▶ _Exercise prompt_
An exact transcription of all the data is required, with every image removed.

▶ _Records shown_

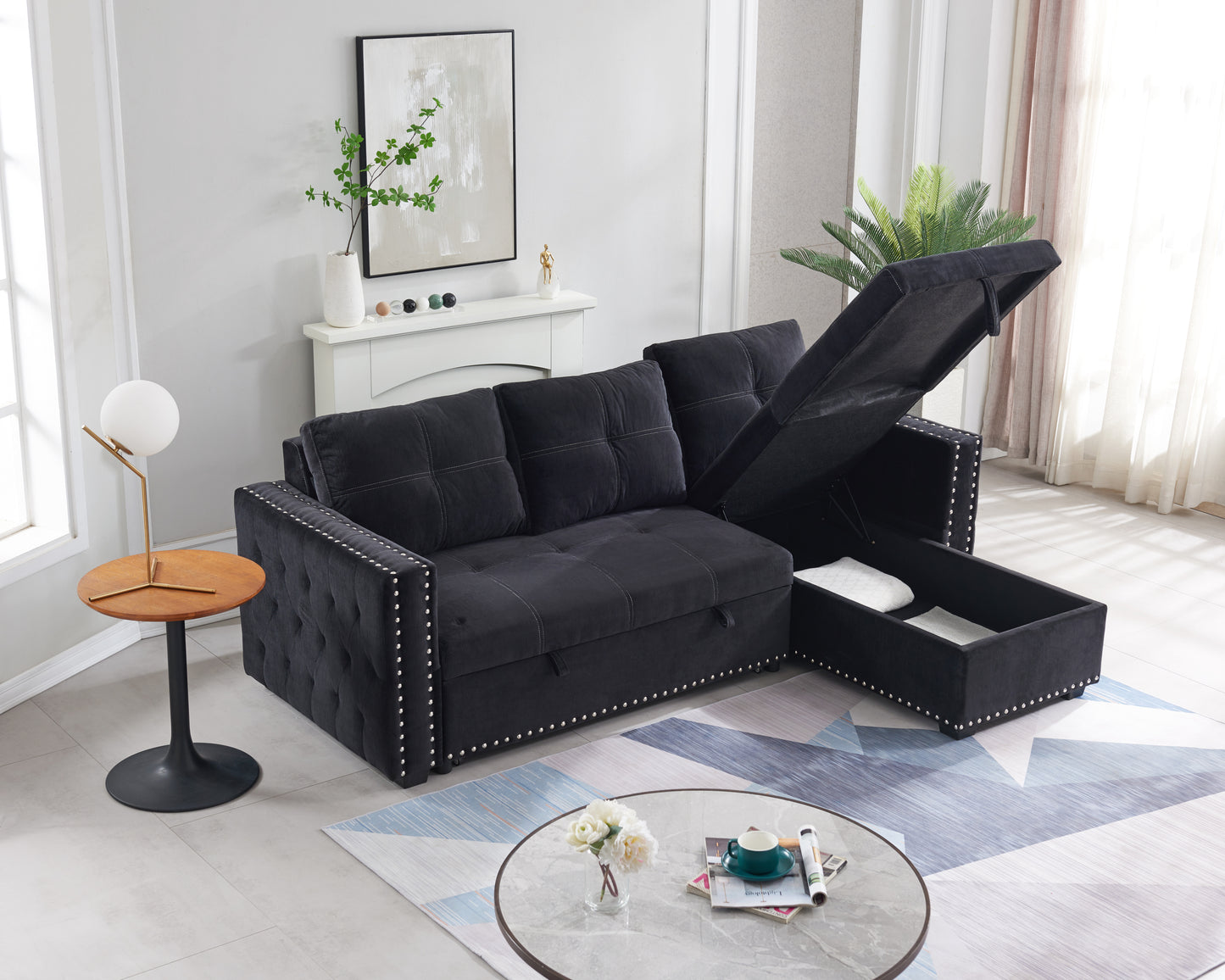 Elegant Black Sectional Sofa with Pull-Out Bed and Reversible Chaise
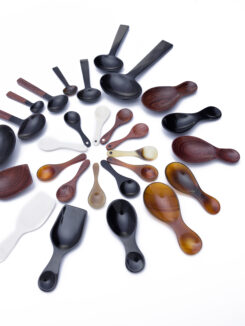Sarah Petherick - collection of horn and rosewood spoons 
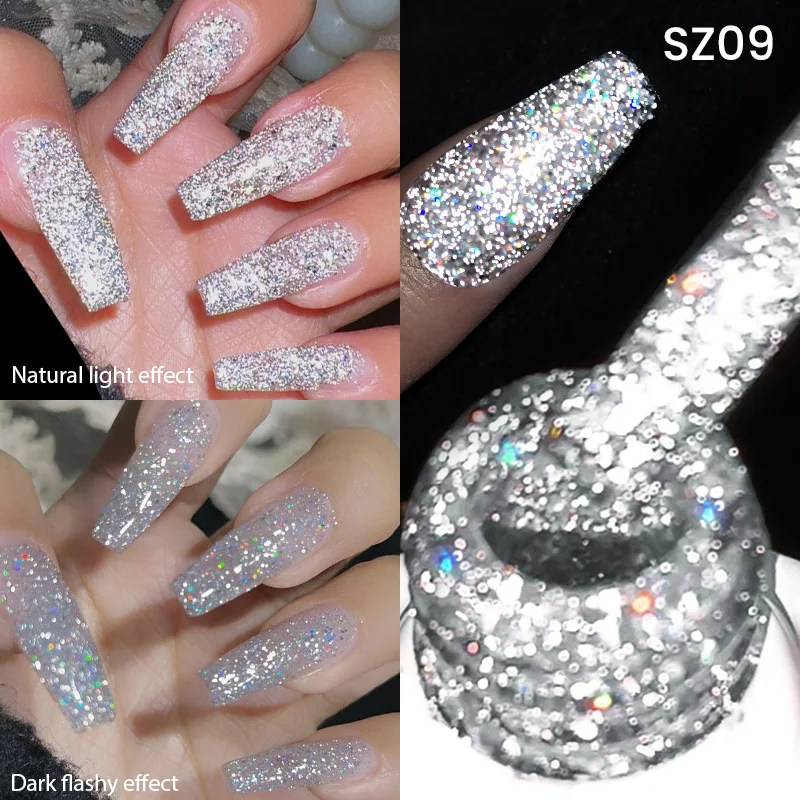 BORN PRETTY 10ml Silver Reflective Gel Nail Polish Dark Flashy Glitter Gel Semi Permanent Soak Off UV Led Gel Varnish NailSupply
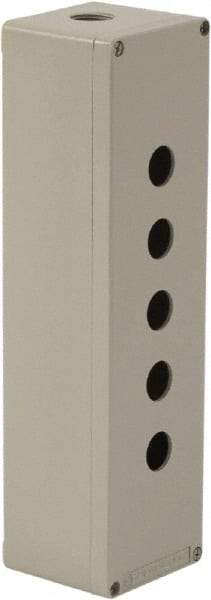 Schneider Electric - 5 Hole, 1.58 Inch Hole Diameter, Aluminum Pushbutton Switch Enclosure - 12.2 Inch High x 3.35 Inch Wide x 3.03 Inch Deep, 4, 13 NEMA Rated - Apex Tool & Supply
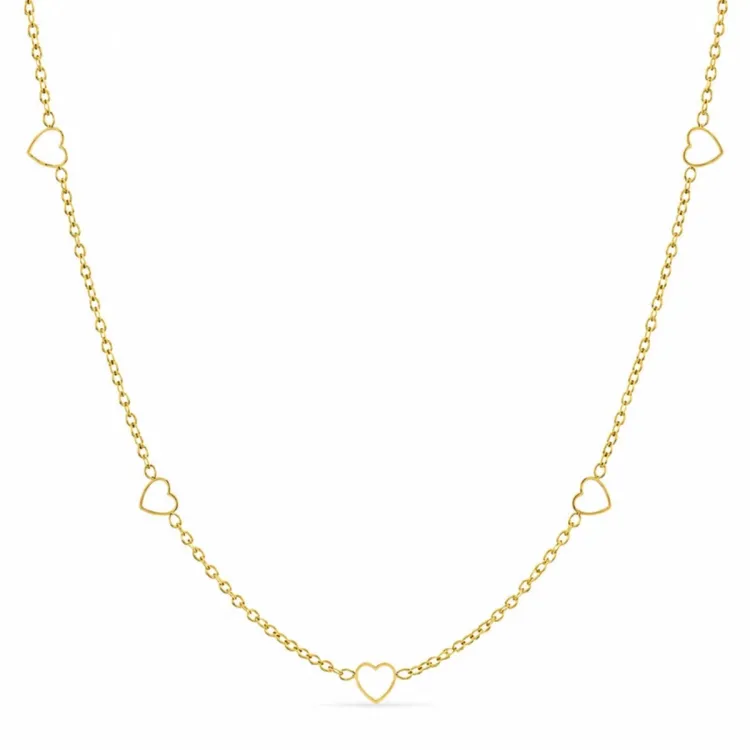 waterproof hart ketting in verguld staal - OCEANA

▶ _Written response_
 Elegant Black Sectional Sofa with Pull-Out Bed and Reversible Chaise
Sarah Petherick - collection of horn and rosewood spoons 
 BORN PRETTY 10ml Silver Reflective Gel Nail Polish Dark Flashy Glitter Gel Semi Permanent Soak Off UV Led Gel Varnish NailSupply
 Schneider Electric - 5 Hole, 1.58 Inch Hole Diameter, Aluminum Pushbutton Switch Enclosure - 12.2 Inch High x 3.35 Inch Wide x 3.03 Inch Deep, 4, 13 NEMA Rated - Apex Tool & Supply
 waterproof hart ketting in verguld staal - OCEANA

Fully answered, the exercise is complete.